Eurovision bags the BBC a lot of viewers, so by not winning it, it’s a double win: it gets the audience without having to cough up for the staging. Don’t believe me? Check out the Telegraph for the lowdown on how the BBC hoped to come Rock Bottom in Eurovision Song Contest
[BBC minutes from meetings in 1977] stated: “[BBC governor] Mr Howard said that when it seemed that the UK would win the contest (and have to pay for it again in 1978) BBC faces at Wembley had grown longer and longer.
“But they had cheered up when L’Oiseau Et L’Enfant won the prize. Lord Greenhill thought the set up had been ugly; Professor Thompson regretted that Angela Rippon had lost her poise at one moment and Doctor Hughes’ only comment was that the whole occasion had been one of ‘grasping vulgarity that he could not bear to watch’.”
Source: The Telegraph
If you’re off to a Eurovision party, then food should be a big part of the mix. We all used to be allocated a country from the contest and bring along food from that nation, serving it when its performer was on the stage. A Eurovision Food Contest points us towards another group of bloggers doing the same thing:
“…millions of people will be watching, some may even be throwing parties. One group of food bloggers in particular have come up with a whole new way of dragging some excitement out of the foetid corpse that is the Eurovision Song Contest and, at the same time, conduct an interesting experiment about the multiculturalism of our capital city.

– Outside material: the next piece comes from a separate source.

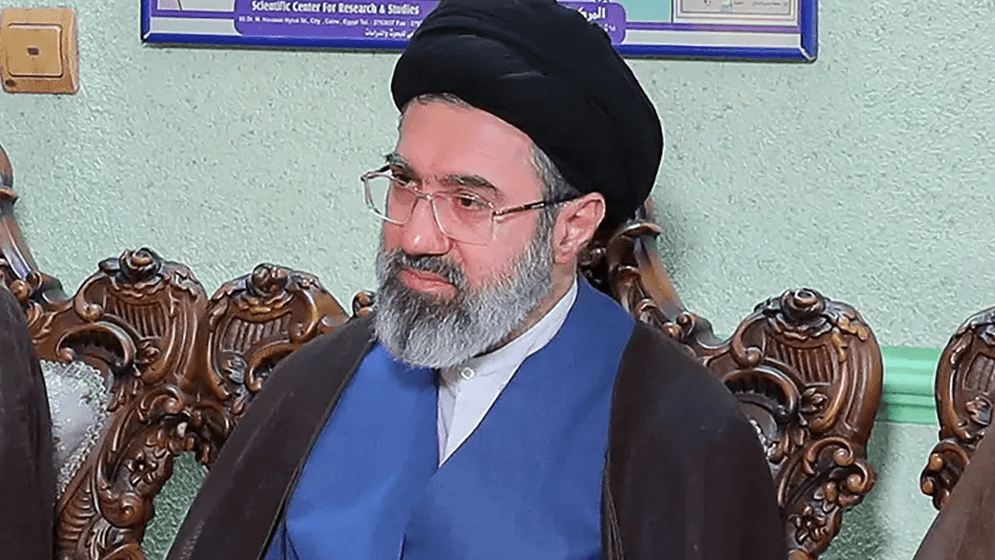 মোজতবা খামেনি কোথায়, দেশ চালাচ্ছেন কীভাবে?Image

Excellent food writer Andrew Webb has created Eating Eurovision bringing together 25 bloggers whose task it is to eat the traditional cuisine of all 25 nations in the final of the competition, within the M25, within 25 hours of the competition itself…”
Source: The Guardian
The Times has profiled French entrant Patricia Kaas, whose song is very French and very good but not, I don’t believe, a winner. What a shame, then, that the paper’s writer claims that:
If Kaas cannot do well, there’s no hope for the Eurovision contest.
Source: The Times
That rather presupposes that only her kind of music – serious ballads – has any merit, which is patently untrue.

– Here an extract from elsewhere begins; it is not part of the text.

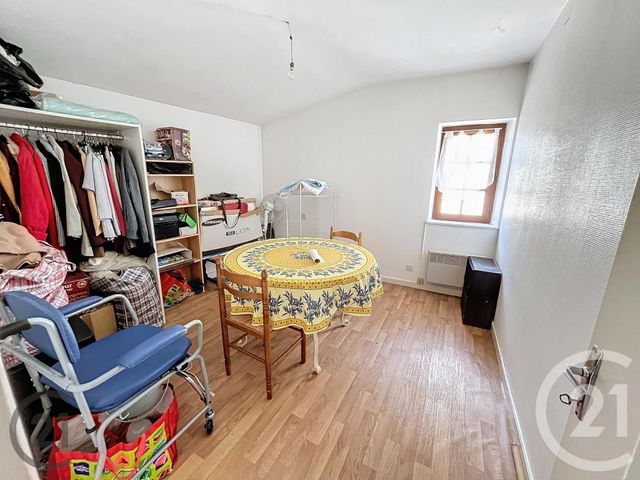 maison à vendre - 9 pièces - 117.0 m2 - RIOM - 63 - AUVERGNE - Century 21 Agence Girard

Meanwhile, a word from our entrant: I expect to be in the top five.
“Everybody has been really positive and they are happy and relieved we are finally taking it seriously. I have been really enjoying the build up. I expect to be in the top five and I want to be number one.”
Source: The Guardian
Ha ha ha ha ha ha ha ha ha! She’s so funny.
Actually, the Guardian has done loads of stuff on this year’s Eurovision, and has a dedicated Eurovision section, although the tone can be quite negative in parts, which is a shame. The chart showing Britain’s scores over the years laid against its actions in Europe and world is interesting, but ultimately flawed. It says of Andy Abrams’ deservedly poor showing last year:
Diaspora voting, Balkan collusion, racism and soviet bloc voting were just some of the many excuses offered for Andy Abraham’s disastrous last place finish. They may all have been true.